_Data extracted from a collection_
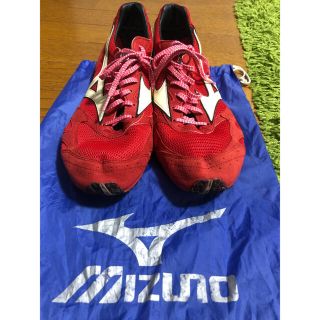 ミズノ(MIZUNO)のミズノ クロノディスト 27.0(陸上競技)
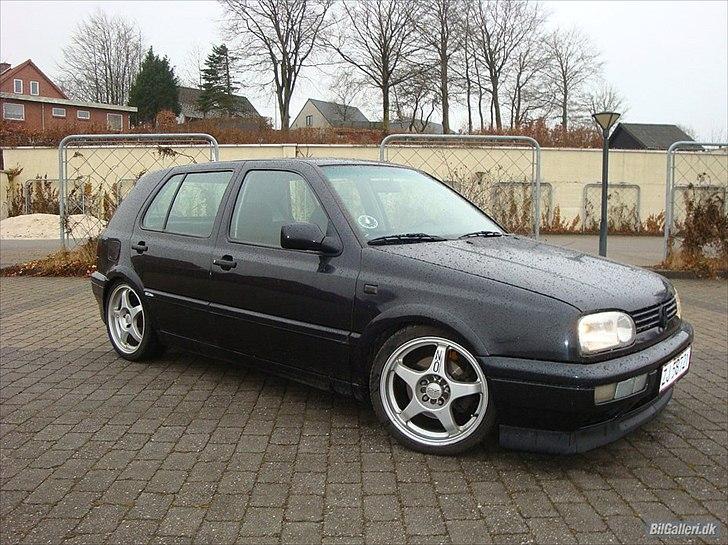 VW Golf 3 GTI Edition billede 1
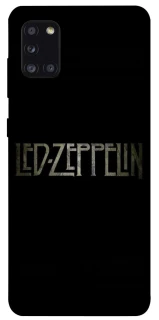 Чехол на Samsung Galaxy A31 Led Zeppelin logo фото 1 из 1
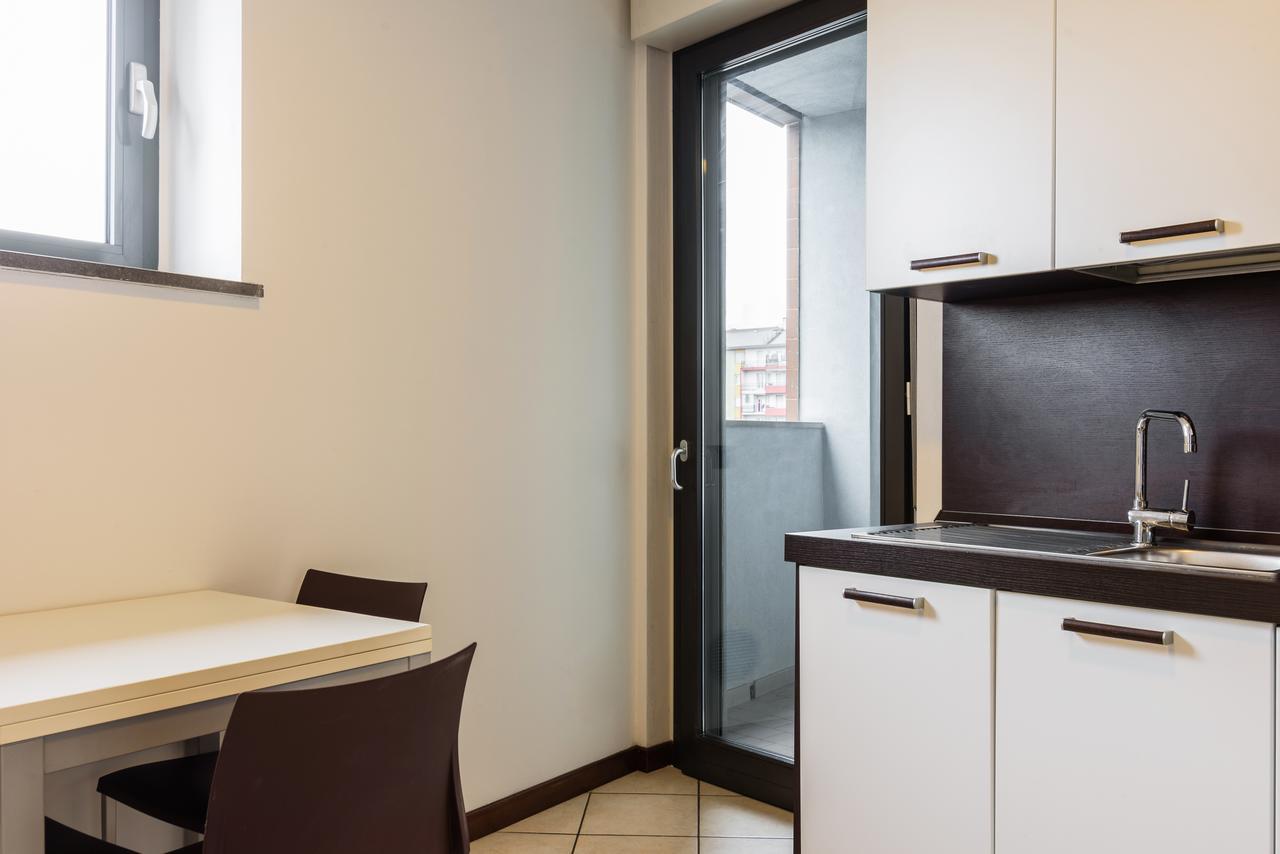 Magistretti Flexyrent Apartment Milano Eksteriør bilde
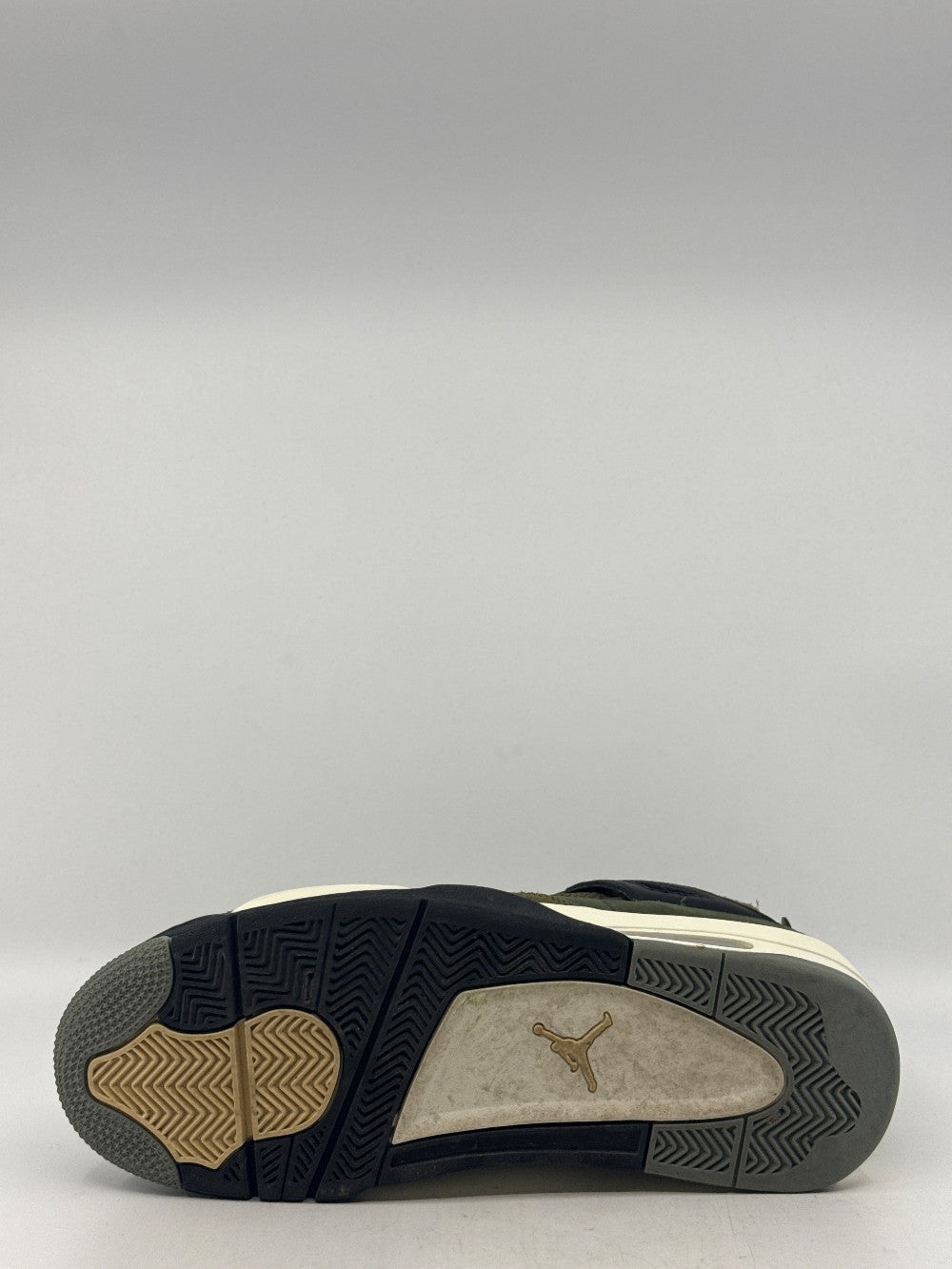 *USED* AJ 4 - CRAFT MEDIUM OLIVE|44648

_Work to be completed_
What the reply must contain is an exact transcription of the data above and none of its pictures.

_Response below_
 ミズノ(MIZUNO)のミズノ クロノディスト 27.0(陸上競技)
 VW Golf 3 GTI Edition billede 1
 Чехол на Samsung Galaxy A31 Led Zeppelin logo фото 1 из 1
 Magistretti Flexyrent Apartment Milano Eksteriør bilde
 *USED* AJ 4 - CRAFT MEDIUM OLIVE|44648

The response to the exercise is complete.